Casualties and Military Operations
At least 40 people were killed during the US military strike, including both military personnel and civilians, according to a senior Venezuelan official who spoke to The New York Times. Among the dead was 80-year-old Rosa González, killed when a US airstrike hit a three-story apartment building in Catia La Mar, a coastal area near Caracas.
The operation involved more than 150 aircraft launching from 20 bases across the Western Hemisphere and was carried out by the Army's Delta Force alongside FBI agents, according to Joint Chiefs Chairman Gen. Dan Caine. Maduro and his wife were transported to New York, where they face federal charges of narco-terrorism conspiracy and cocaine importation.

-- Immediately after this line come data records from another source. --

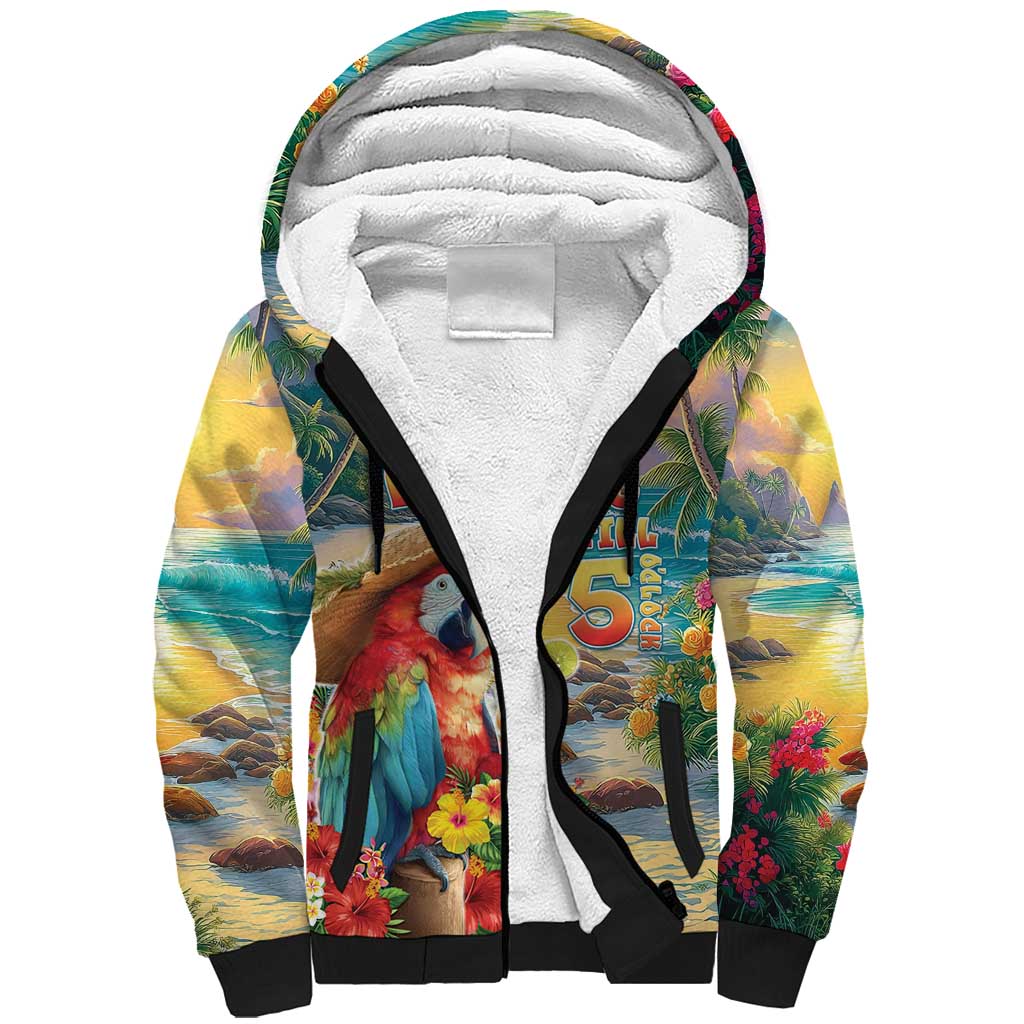 Hawaii Parrot Sherpa Hoodie Im Not Waiting Till 5 Oclock LT05 Unisex Colorful - Polynesian Pride
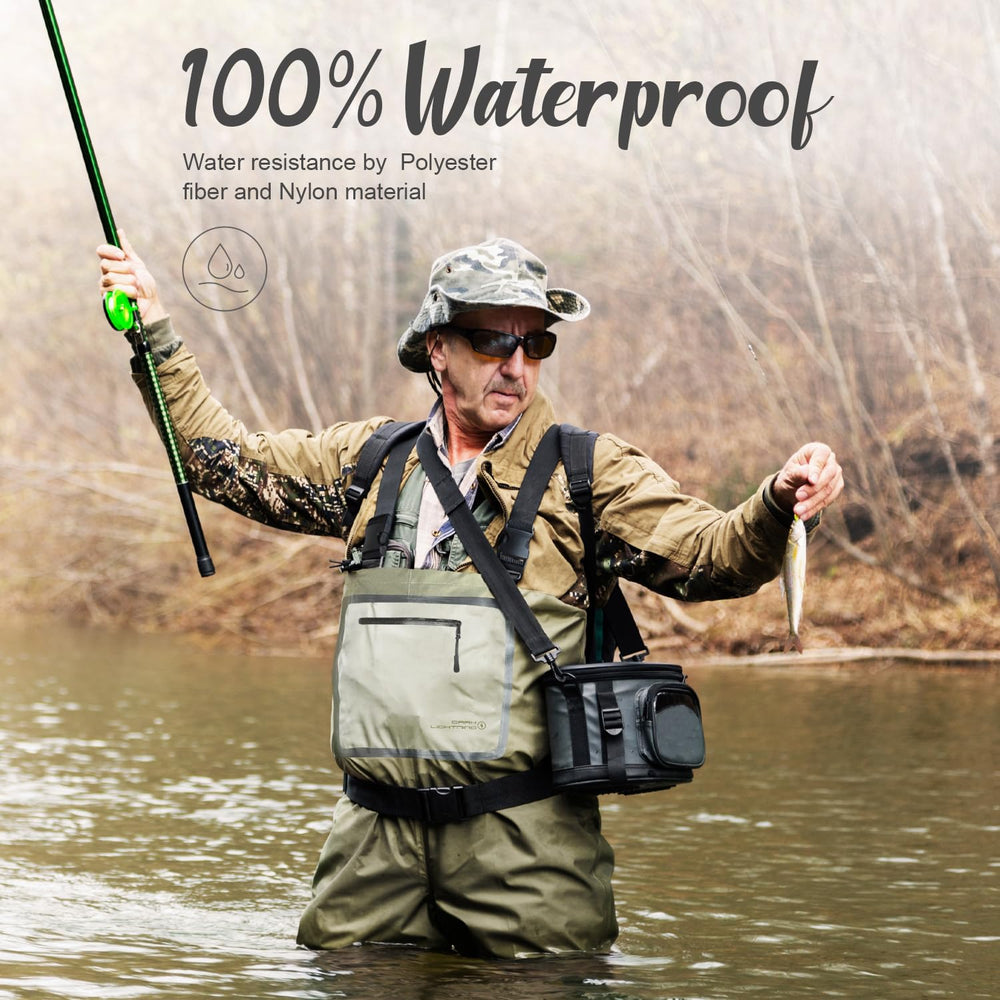 Dark Lightning chest waders side view showing ergonomic fit for easy movement
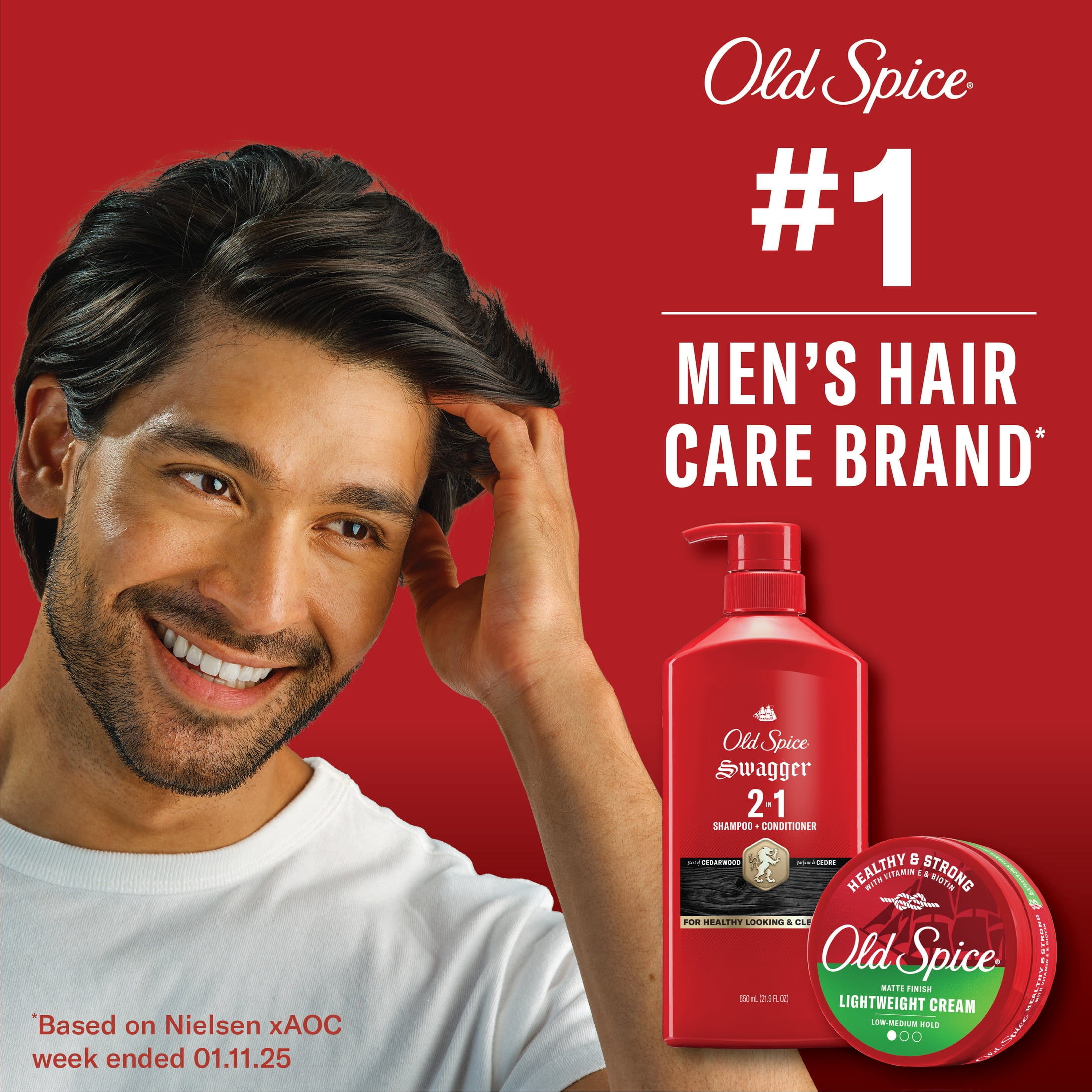 Old Spice Lightweight Cream for Men, Healthy and Strong with Vitamin E and Biotin, Men's Hair Styling Lightweight Cream, Low-Medium Hold, Matte Finish, 2.22 oz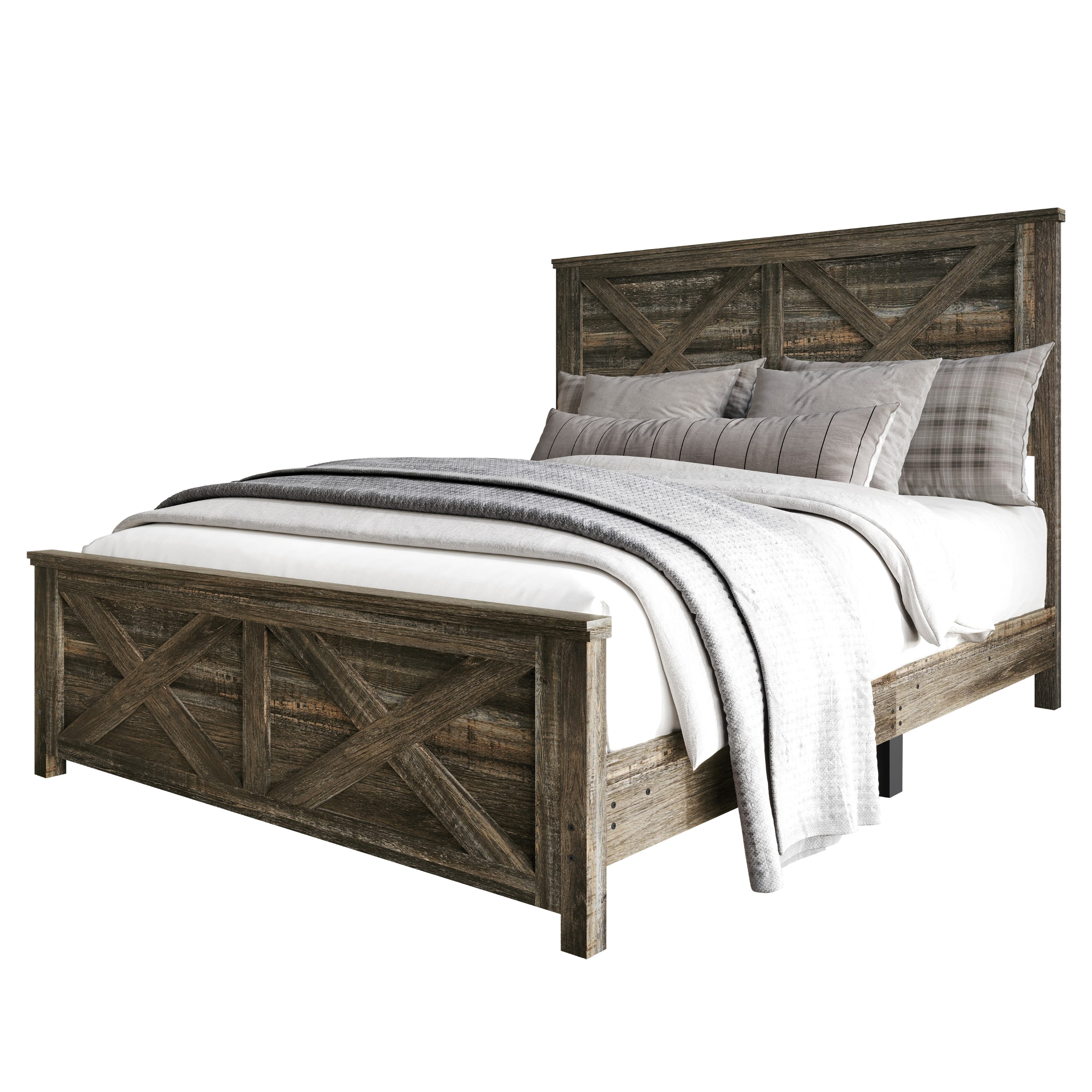 Home Design Niles Full Panel Bed Frame with X-Shaped Panel Design and Rustic Wood Finish, Brown, Easy Assembly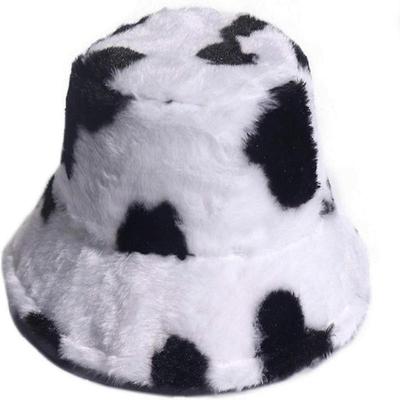 Milk Cow Print Faux Fur Bucket Hat - Fluffy Winter Fisherman Cap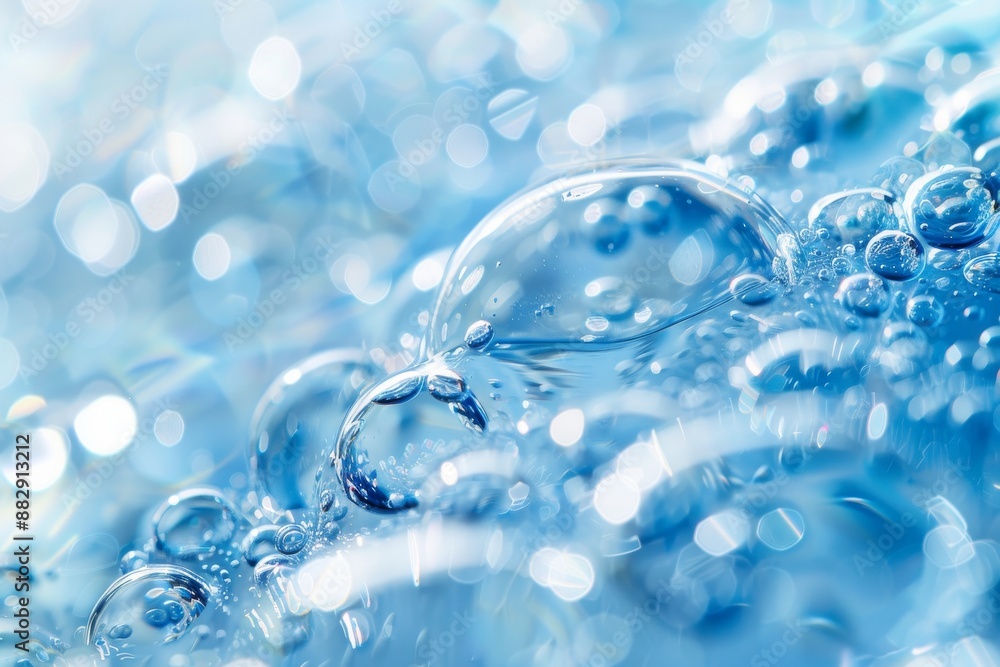 Close-up of water molecules with a light blue background, highlighting their spherical shape and transparency, digital art Close-up of water molecules with a light blue background, highlighting their spherical shape and transparency, digital art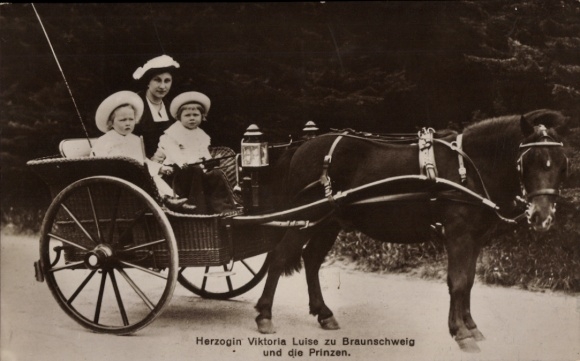 Ak Prinzessin Victoria Luise von Preußen, Herzogin von Braunschweig mit Söhnen, Kutsche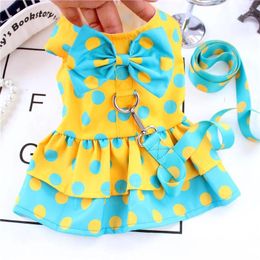 Dog Apparel Cotton Pet Summer Thin Dresses With Traction Rope Clothes For Puppy Small Princess Style Multi Colours Skirt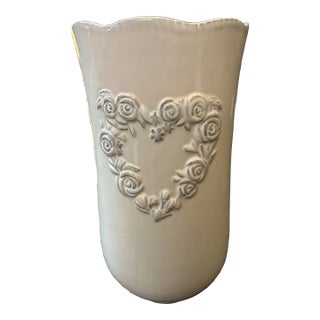 1990s Burtan & Burtain Hand Painted Vase With Raised Heart of Gray Roses For Sale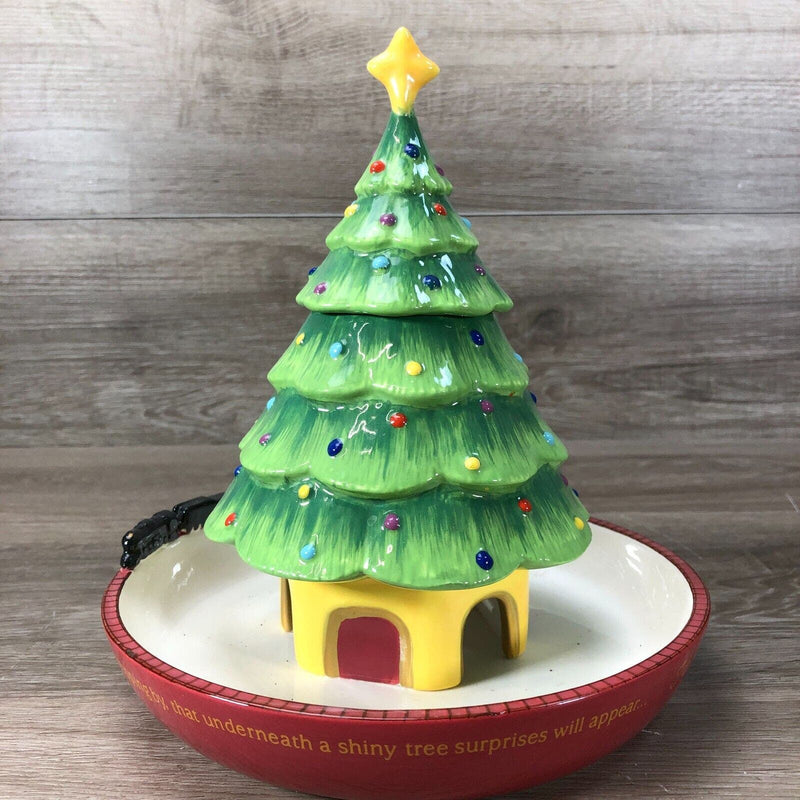 Polar Express Hallmark Ceramic Christmas Tree Candy Dish 7"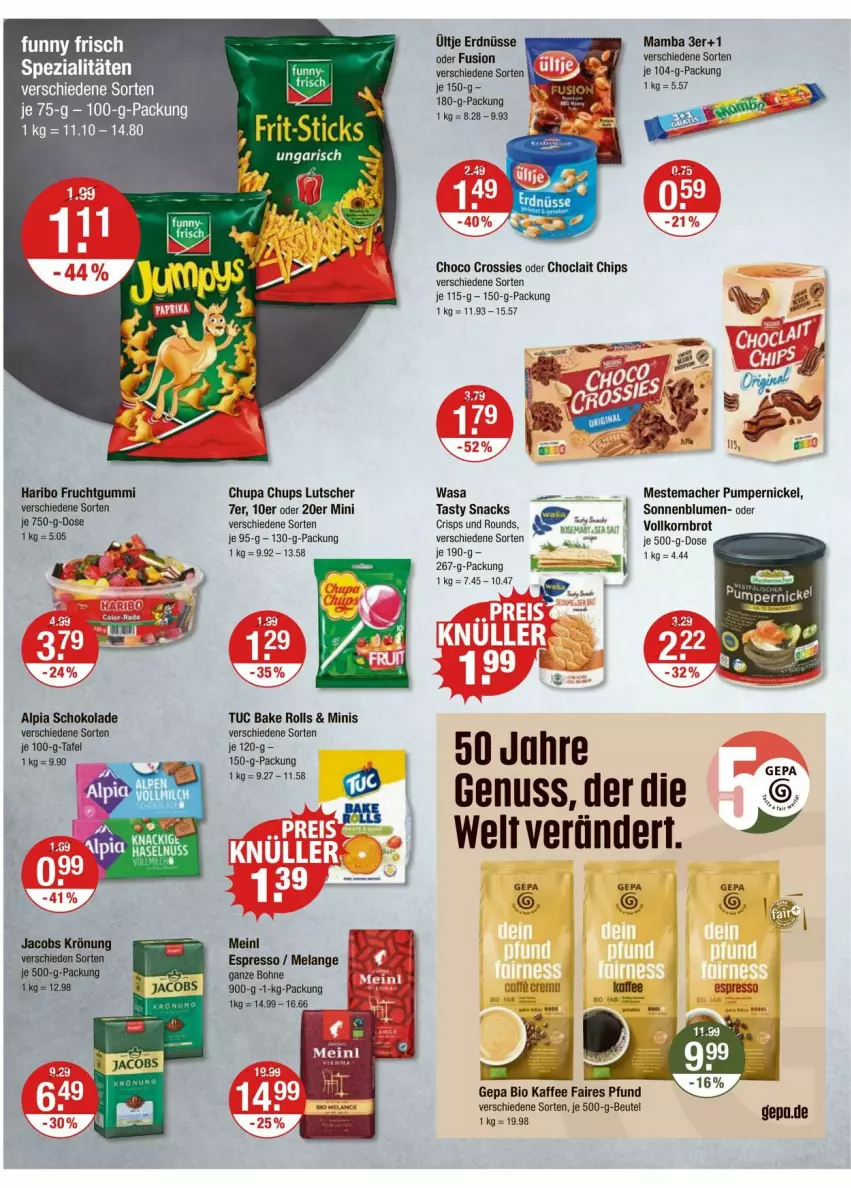 Aktueller Prospekt Vmarkt - Prospekte - von 24.07 bis 30.07.2025 - strona 8 - produkty: alpia, beutel, bio, blume, blumen, brot, chips, choclait chips, choco crossies, chupa, chupa chups, crossies, erdnüsse, frucht, fruchtgummi, Funny Frisch, haribo, kaffee, korn, Kornbrot, Lutscher, mac, mam, mestemacher, nuss, Pumpernickel, schoko, schokolade, snack, snacks, sonnenblume, sonnenblumen, Spezi, tee, tuc, ültje, ültje erdnüsse, vollkornbrot, wasa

Oil and Geopolitical Stakes
Venezuela holds approximately 303 billion barrels of proven oil reserves, representing roughly 18-20% of the world's total and exceeding Saudi Arabia's 297 billion barrels. Trump emphasised oil would be central to the US presence in Venezuela, stating American oil companies would invest billions to rebuild the country's infrastructure.
In his year-end reflections, Kotak had warned that the world was witnessing "dominance of hard power over soft power" and that "the race between nations is intensifying, less mindful of consequences". The comments underscore concerns among global business leaders about rising geopolitical tensions and the return of power politics in international affairs.
International reaction was sharply divided, with Brazilian President Luiz Inácio Lula da Silva condemning the strikes as crossing "an unacceptable line," while Argentine President Javier Milei celebrated the action.